Wednesday, July 14, 2010

Notes on the 1880 Census

The divisions that we currently use to think about Blackberry Creek had not quite come into being by 1880. For example, the area of Pond Creek falls under the heading of Lower Elkhorn Creek in the 1880 census. It also seems, from the family names, that the Blackberry section of the census crosses over Hardy Mountain and includes a good portion of Hardy, including the area where the McCoy's lived. It is also difficult to determine where you are at any given time, since it depends on how the census taker travelled.

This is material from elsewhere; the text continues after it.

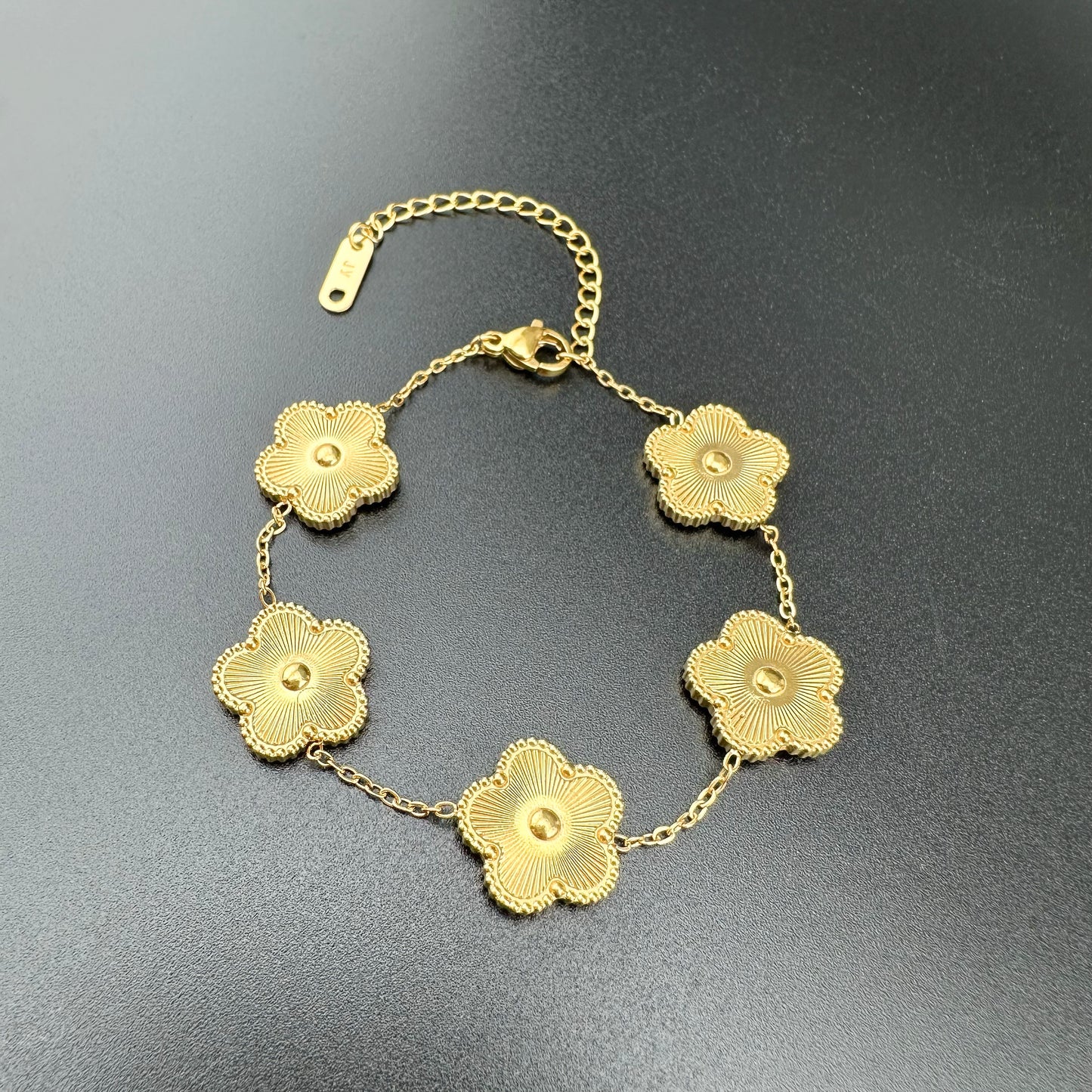 Pulsera Con 5 Dijes De Flores Doradas – Mujer | Acero Inoxidable Chapado En Oro 18K | Ajustable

In this census, for example, the Blackberry section begins on the bottom of the last page of the Lower Elkhorn Creek section, and, since the first Blackberry household is that of Ulysses Hatfield, it seems clear that the census taker came across Ball Fork and started there. At the foot of Ball Fork, he turned right and came up the creek, all the way to the last house in the head of the hollow - that of Ferrell Marion. After that, it's hard to tell whether he crossed the hill into Left Fork or came down and started just below Ball Fork. At any rate, he came down the creek, and it's easier to tell that when he was at Bluespring, the foot of Hardy Mountain, etc. I think he went all the way down to the river, then came back up the creek and crossed Hardy Mountain, listing the Farley's, then Scott's, then McCoys as he went through Hardy toward Williamson.

Part of the pleasure, though, is trying to figure out where the various homeplaces were.

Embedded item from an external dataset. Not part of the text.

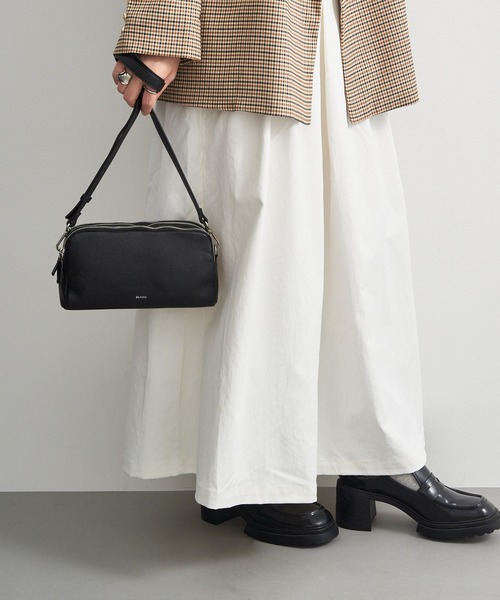 Beau're(ヴュレ)の「【BEAURE】≪別注≫Triple-Zip Cow Leather Shoulder Bag トリプルファスナーレザーショルダーバッグ 3ポケット ビュレ(ショルダーバッグ・レディース・シルバー/ブラック/ライトイエロー/グレイッシュベージュ/ダークブラウン・FREE)」の9枚目の写真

Dramatis Personae - The Hatfields

Joseph B. Hatfield and his brother Valentine come to what became known as Blackberry Creek at some point around 1814/1815. They settled, as near as we can tell, on the banks of the Tug River near present-day Matewan. While there may have been some moving back and forth across the river in the early years, eventually both brothers end up on the Kentucky side of the river. Both brothers are married to daughters of Ferrell Evans, who lives on Blackberry Creek with them. By 1830, Valentine and Ferrell Evans move their growing families across the river to Gilbert, West Virginia.

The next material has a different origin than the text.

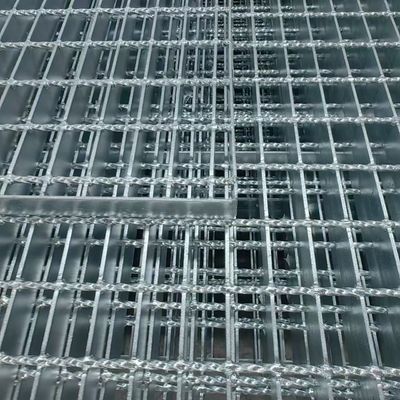 Rejas de acero plano soldadas por tramo de 30 mm para pavimentos de acero inoxidable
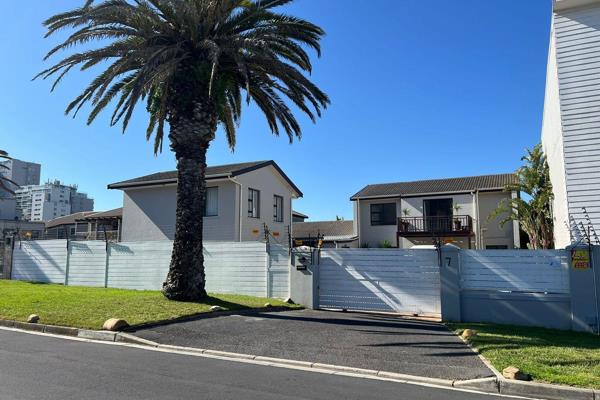 This spacious 4-bedroom, 3-bathroom home offers the perfect base for your December holiday, just 250 meters from Blouberg Beach. ...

Joseph remains on Blackberry Creek, living, I think, on the river at what is now Buskirk. Joseph's children, however, move inward, up the creek. By 1830, Joseph's younger half-brother George moves to Blackberry Creek as well, settling near the mouth of Bluesrping Hollow. Later their younger brother Jeremiah also comes, as well as their father Ephraim (Eaf), who died in 1847 and is buried in the Anderson Hatfield Cemetery at the mouth of Dials Branch.

In the 1880 census, Upper Blackberry Creek is primarily home to the Hatfields - Joseph's children tend to cluster in Buskirk (Valentine, McGinnis, Joseph II) and above Left Fork (Ferrell Marion, Richard Thomas, Ephraim). George and his children tend to live from Bluespring down to the foot of Hardy/Blackberry Mountain.